Ages of participants ranged from 45 to 95 and differed significantly across groups (F=18.77, p<0.001). The healthy control (HC) group (M=69.0, SD=9.4) was significantly younger than the VaD group (M=75.4, SD=8.8), and both HC and VaD groups were younger than the AD group (M=84.1, SD=7.5). Age is not thought to reflect a confounding variable in the current study. Evidence suggests the traditional pass/fail cut-score of the 3MS has equivalent, if not better, classification accuracy than the 3MS age-adjusted scoring when distinguishing healthy elderly adults from those with dementia or cognitive impairment (CI) (28). The HC (M=13.1, SD=2.1), VaD (M=13.1, SD=2.4), and AD (M=12.3, SD=3.9) groups were equivalent with respect to education.

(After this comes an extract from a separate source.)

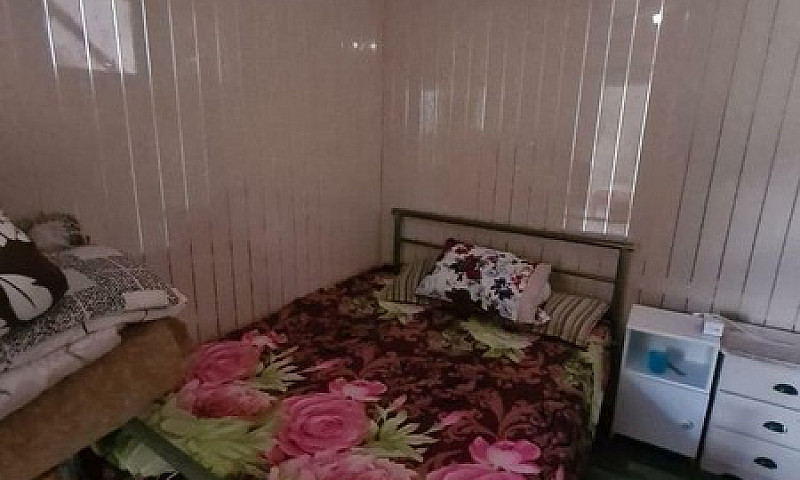 4 Bedroom Maisonette...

Table 2 presents descriptive correlations for cognitive screen performance and demographic variables. As would be expected given the degree of test item overlap, the 3MS and MMSE were strongly correlated but not redundant (r=0.87). The 3MS and MMSE showed equivalent relationships with both age and education.
Variable | 1 | 2 | 3 | 4 |
---|---|---|---|---|
1. MMSEa | 1.00 | |||
2. 3MSb | 0.87** | 1.00 | ||
3. Age | −0.44** | −0.47** | 1.00 | |
4. Education | 0.26** | 0.22* | −0.06 | 1.00 |
Descriptive correlations for cognitive screens and demographic variables (N=98)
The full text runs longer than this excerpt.